Effect of Calcium on Two-Dimensional Morphology and Photocatalytic Properties of Tin Oxide Nanoparticles

Abstract

A simple, inexpensive and environmental friendly co-precipitation approach has been used to synthesize calcium doped SnO2 photocatalysts effectively with a high surface area. The X-ray diffraction (XRD), scanning electron microscopy (SEM), Raman spectroscopy, Fourier transform infrared (FTIR), ultraviolet-visible (UV-Vis) and photoluminescence (PL) spectroscopies all have been used to characterize the structural, morphological, optical and electrochemical properties of the prepared SnO2:Ca nanoparticles.
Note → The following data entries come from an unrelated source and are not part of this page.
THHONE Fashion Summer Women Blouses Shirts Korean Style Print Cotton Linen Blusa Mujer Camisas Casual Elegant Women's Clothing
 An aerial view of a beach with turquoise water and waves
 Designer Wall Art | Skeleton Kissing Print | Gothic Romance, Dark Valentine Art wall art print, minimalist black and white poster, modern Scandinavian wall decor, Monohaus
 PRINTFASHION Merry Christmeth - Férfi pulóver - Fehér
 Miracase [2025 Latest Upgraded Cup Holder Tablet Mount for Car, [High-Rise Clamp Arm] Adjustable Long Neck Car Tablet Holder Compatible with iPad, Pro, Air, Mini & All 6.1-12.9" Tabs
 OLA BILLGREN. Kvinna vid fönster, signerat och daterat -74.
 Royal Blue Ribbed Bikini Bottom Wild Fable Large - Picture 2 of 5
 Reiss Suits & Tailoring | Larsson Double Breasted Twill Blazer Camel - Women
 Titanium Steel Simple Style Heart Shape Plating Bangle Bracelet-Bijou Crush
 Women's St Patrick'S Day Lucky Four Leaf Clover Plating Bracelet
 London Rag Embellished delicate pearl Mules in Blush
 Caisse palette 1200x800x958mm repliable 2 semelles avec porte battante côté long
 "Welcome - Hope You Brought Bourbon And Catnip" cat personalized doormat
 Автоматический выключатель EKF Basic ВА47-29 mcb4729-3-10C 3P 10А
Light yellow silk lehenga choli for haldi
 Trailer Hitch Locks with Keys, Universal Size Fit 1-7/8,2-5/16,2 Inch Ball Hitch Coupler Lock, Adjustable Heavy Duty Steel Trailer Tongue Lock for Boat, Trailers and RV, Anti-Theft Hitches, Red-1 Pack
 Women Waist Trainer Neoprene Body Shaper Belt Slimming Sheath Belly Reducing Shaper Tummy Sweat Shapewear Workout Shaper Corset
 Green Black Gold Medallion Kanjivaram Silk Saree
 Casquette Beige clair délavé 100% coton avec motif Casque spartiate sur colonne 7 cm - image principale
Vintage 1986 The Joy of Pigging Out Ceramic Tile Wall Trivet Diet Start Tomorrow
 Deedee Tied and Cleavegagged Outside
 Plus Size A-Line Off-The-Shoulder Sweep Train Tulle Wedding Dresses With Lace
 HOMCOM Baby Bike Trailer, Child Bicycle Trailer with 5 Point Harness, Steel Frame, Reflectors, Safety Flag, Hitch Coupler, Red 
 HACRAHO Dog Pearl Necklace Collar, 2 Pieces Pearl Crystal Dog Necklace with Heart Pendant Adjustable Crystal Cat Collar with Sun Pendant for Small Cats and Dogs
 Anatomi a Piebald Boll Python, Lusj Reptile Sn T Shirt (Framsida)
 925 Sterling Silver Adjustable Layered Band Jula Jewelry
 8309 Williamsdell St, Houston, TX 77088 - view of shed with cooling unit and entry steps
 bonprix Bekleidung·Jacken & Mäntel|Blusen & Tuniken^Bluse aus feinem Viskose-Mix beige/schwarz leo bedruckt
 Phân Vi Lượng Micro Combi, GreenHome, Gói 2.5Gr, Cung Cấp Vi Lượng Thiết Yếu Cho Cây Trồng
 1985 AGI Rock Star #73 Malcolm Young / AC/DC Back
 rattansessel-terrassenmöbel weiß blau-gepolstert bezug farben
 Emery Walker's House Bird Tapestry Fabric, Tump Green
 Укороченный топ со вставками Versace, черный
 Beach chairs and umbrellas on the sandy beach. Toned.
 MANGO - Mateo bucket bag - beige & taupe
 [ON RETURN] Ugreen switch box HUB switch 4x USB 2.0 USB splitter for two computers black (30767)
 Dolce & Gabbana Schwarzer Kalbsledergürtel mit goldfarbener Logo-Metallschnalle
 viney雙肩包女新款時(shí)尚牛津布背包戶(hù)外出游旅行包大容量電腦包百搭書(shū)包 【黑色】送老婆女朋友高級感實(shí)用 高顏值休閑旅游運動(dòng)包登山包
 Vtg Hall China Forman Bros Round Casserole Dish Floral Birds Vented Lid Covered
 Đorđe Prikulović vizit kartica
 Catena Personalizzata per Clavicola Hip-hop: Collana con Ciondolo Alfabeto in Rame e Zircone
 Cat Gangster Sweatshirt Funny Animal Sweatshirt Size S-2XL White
Both crystallized SnO2 and SnO2:Ca nanoparticles have tetragonal geometry. The structure and defects of the prepared sample were verified by the Raman spectra. The redshift in optical investigations confirmed the reduction in the optical band gap with increasing Ca content. The photocatalytic decomposition of methylene blue were also carried out using prepared SnO2:Ca nanoparticles in visible light. In particular, when compared to other samples, the SnO2:Ca (7 wt.%) nanoplates show the best photocatalytic activity which is confirmed from the low photoluminescence spectrum. By evenly dispersing Ca atoms across the SnO2 matrix, the band gap may be significantly lowered, allowing for more effective separation of photogenerated electron-hole pairs and, in turn, more visible-light absorption. The charge separation efficacy of SnO2:Ca (7 wt.%) nanoplates has been confirmed by EIS measurements.